A Bullionvault report this morning highlighted the positioning of futures traders in gold.
Gold Trading ‘Set for a Break-Out’ with Comex Bullish Bets at 18-Month Low as Covid ‘Explosion’ Offsets Vaccine Hopes
“Latest data from US regulator the CFTC meantime show that bearish betting against gold prices by money managers trading Comex futures and options was barely changed from a week earlier last Tuesday – the day after Pfizer’s vaccine PR knocked $100 off spot prices.
But with bearish speculation still near its strongest since June 2019, bullish betting among hedge funds and other money managers fell for the 3rd week running, dropping 6.2% – the fastest pace since mid-September – to reach the smallest since May 2019.
…Together, that left last Tuesday’s net long position in Comex gold derivatives equal to a notional 345 tonnes of bullion among Managed Money traders, the smallest in 18 months and below its 15-year average of 379 tonnes.
These numbers show that the correction in gold is doing just what it needs to.
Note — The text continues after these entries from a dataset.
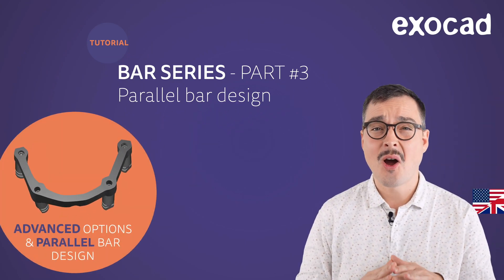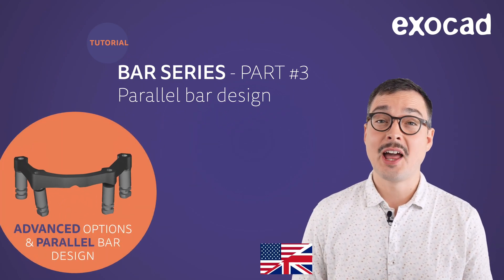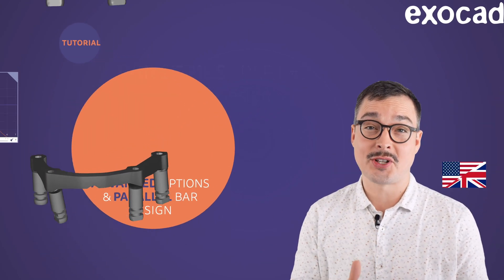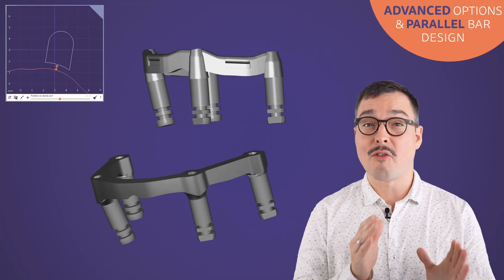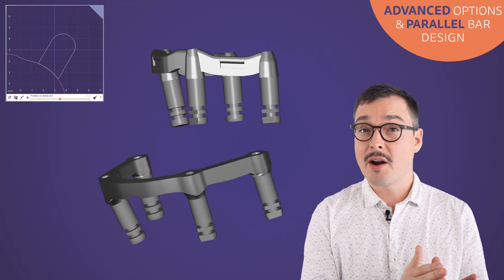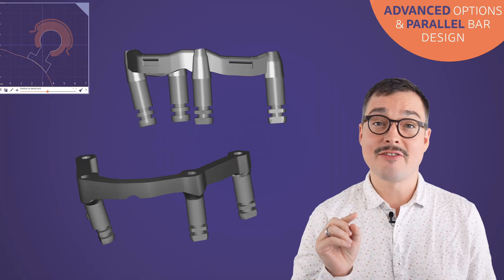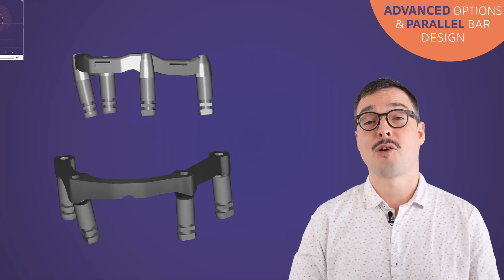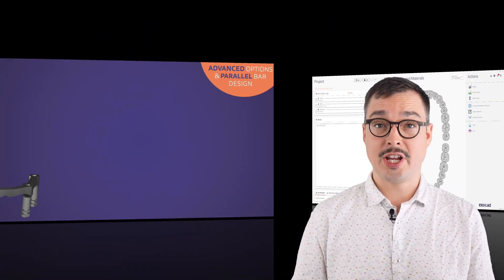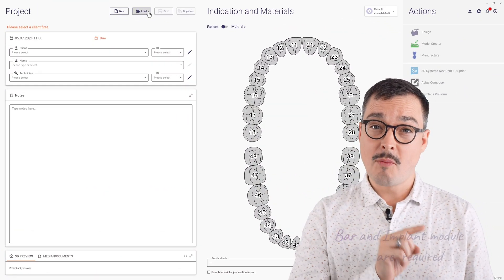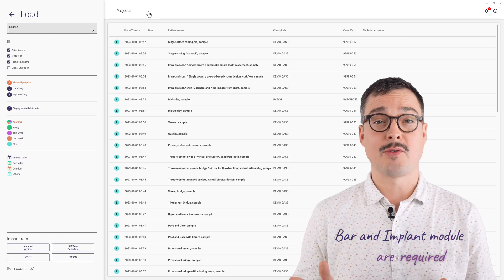Hello, I'm Clemens from ExoCAD. Welcome to this video tutorial, which continues our bar series with a step-by-step design of a parallel bar with optional Preci-Horix and a deep dive in advanced profile editing. To achieve the workflow shown in this video, the bar and implant module are required.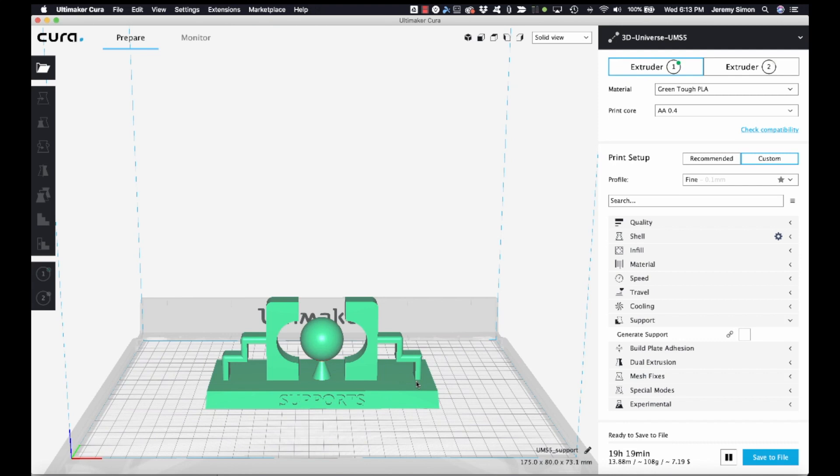So there's a couple of different ways you could do this. Obviously, one way is you print the whole thing with supports and then you simply remove the supports from one side. But we want to be a little bit trickier than that here. So I'm going to show you a couple of other ways you could do this.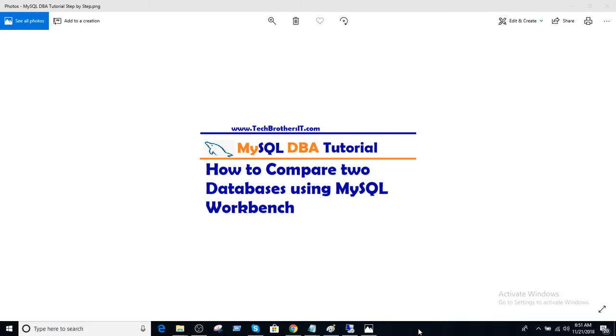Welcome to Tech Brothers with Amir. In this video, we are going to learn how to compare two databases by using MySQL Workbench.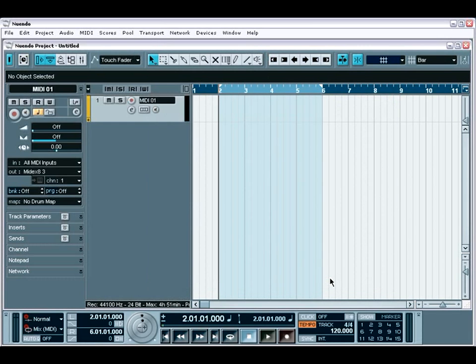The first step in configuring Nuendo is setting up your audio interface. This is probably the single most important part of ensuring a stable and reliable environment for Nuendo.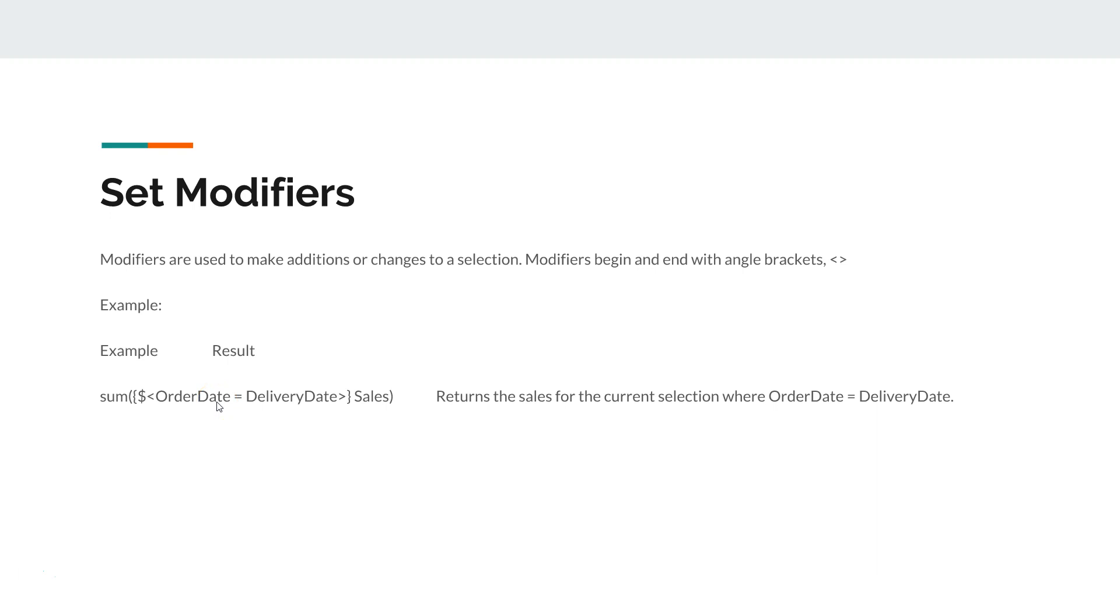We're basically asking how many orders are there which have been delivered on the same date on which it has been ordered. That's the explanation written over here.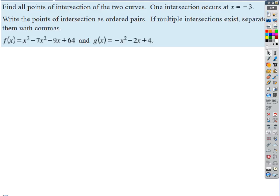Let's talk about this. They want us to find all points of intersection of these two curves, these two functions. We're going to do that, but before we even do that, let's think about a strategy. We want to write the points of intersection as ordered pairs — we want to find the x and y values for each of the points where these functions intersect. If multiple intersections exist, separate them with commas.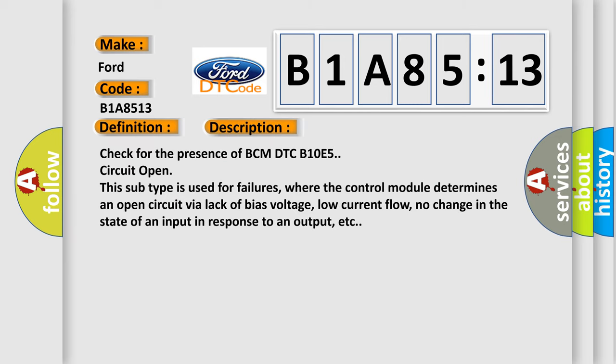Check for the presence of BCM DTC B1OE5 circuit open. This subtype is used for failures where the control module determines an open circuit via lack of bias voltage, low current flow, no change in the state of an input in response to an output, etc.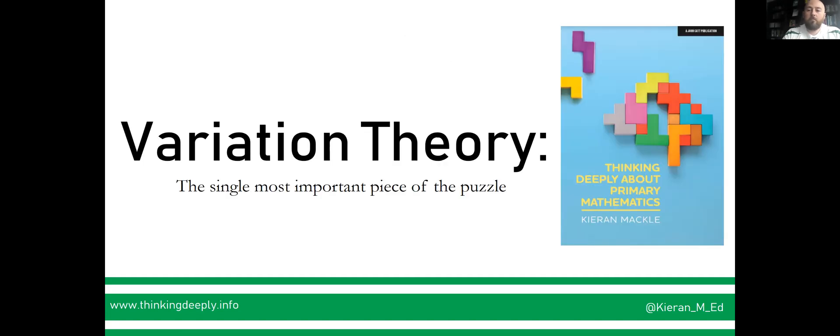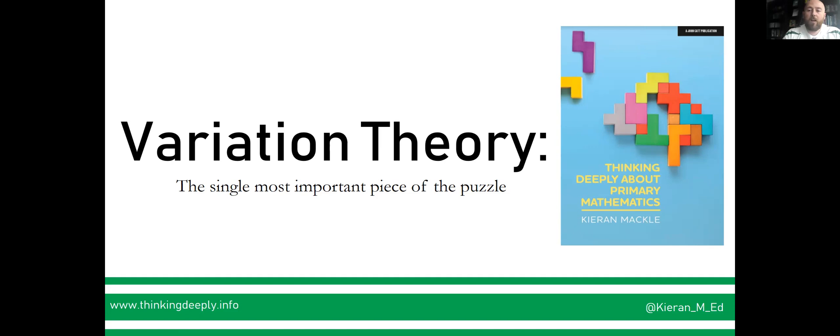To get the most from variation pedagogy, we must realign where our priorities lie and dedicate time during our working day towards careful consideration of the questions and tasks we present our pupils. Quite often five or six well-designed questions will surpass the efficacy of a seemingly random worksheet of ten plus.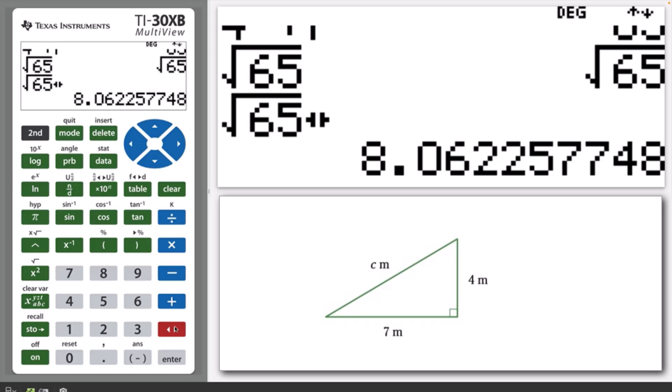Note that the previous calculations could also be completed in a single command.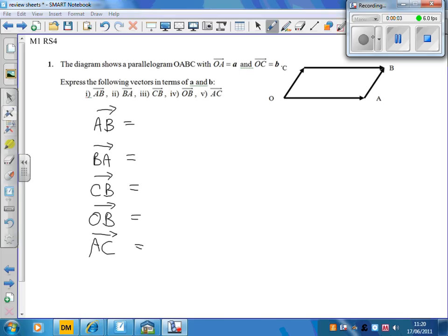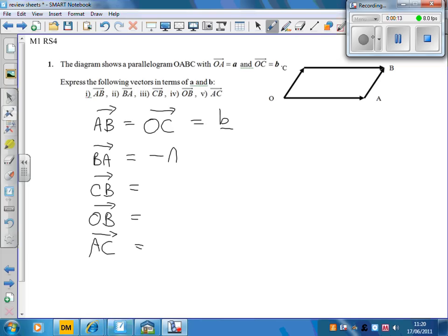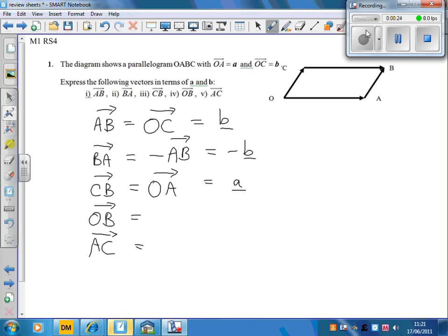The journey from A to B is exactly the same as the journey from O to C, which has been given the name little b. The journey from B to A is minus the journey from A to B, so that's minus b. The journey from C to B is the same as the journey from O to A, little a.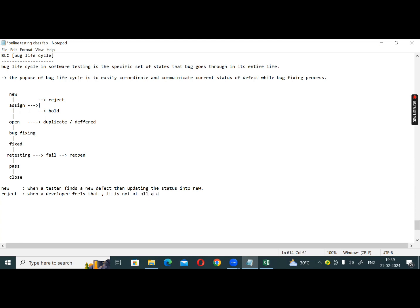If the developer reviews it and it is not at all a defect, then they will set the status to Reject.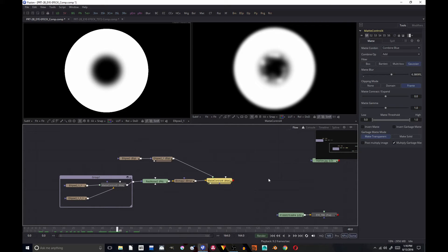Now part 2b where I'm going to show you one thing I forgot to do in the last tutorial, and then how to create the actual eye effect that we're going to transition into. Part 3 I'm going to do the final finish up, put the reflections in the eye over the top of our effect, and do some final color grading on the image to really sell it and make it look good.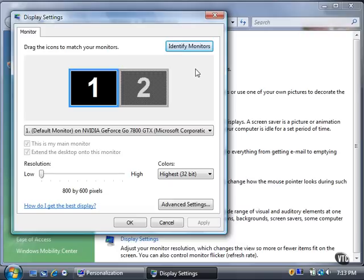If you want to see more information about the graphics adapter, click the Advanced Settings button to open the graphic card window. In the resolution slider bar, you can see the resolution applied to that monitor.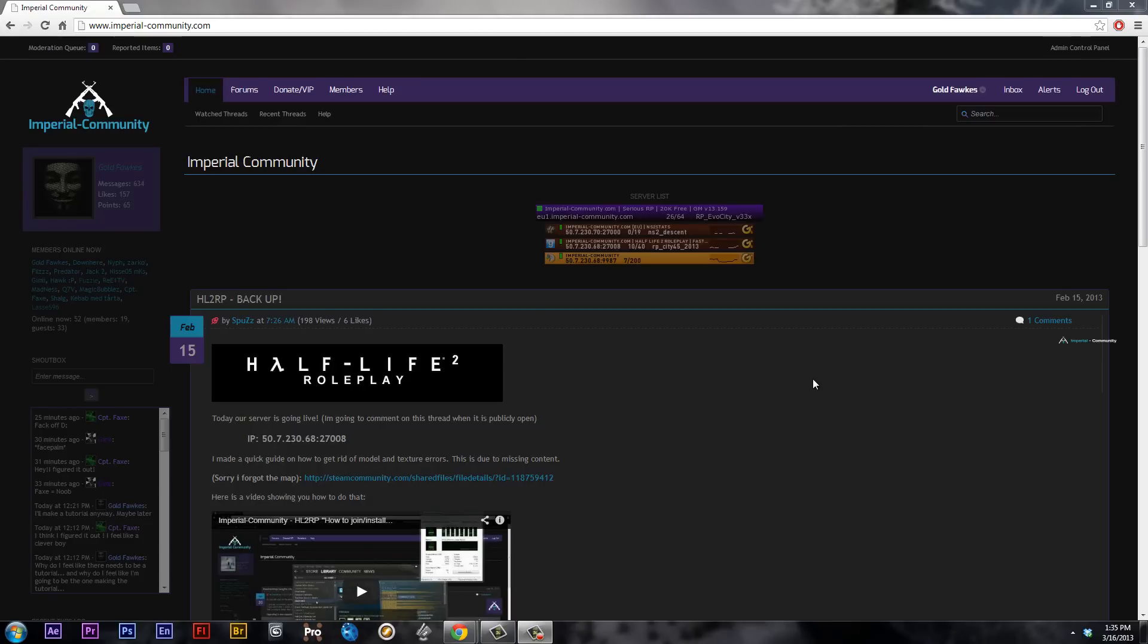Hey everyone. So I thought I'd take some time today to show you how to download the SVN content for the Perp Server.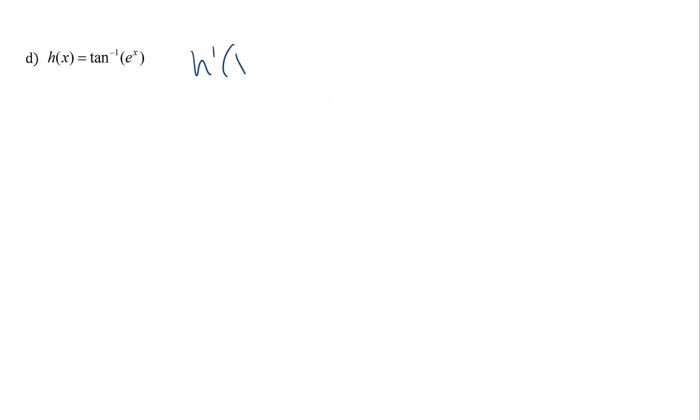We have h prime of x equals the derivative of inverse tangent is 1 over 1 plus, it's x squared if it's x inside, but if it's something else inside, it's that something else squared.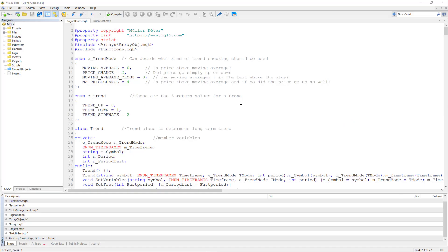Now before we dive into the details, let's take a quick look at the code we'll be discussing today. The code is designed to create various trading signals based on trend analysis using different indicators. It's organized into classes and functions, each with its own role in the trading strategy.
That is, reducing the interest in gold which in fact sets gold up for its next move higher.
Gold may need to dip a little lower first, but it’s likely the next leg up is not that far away.
Gold vs Digital Currencies – Which Should You Choose?
Low and negative interest rates around the world have been sending most asset classes higher once again. Stock markets, real estate prices, and bond prices have all been rising. Recently we have seen digital currencies also surging higher. Now closing in on all time highs.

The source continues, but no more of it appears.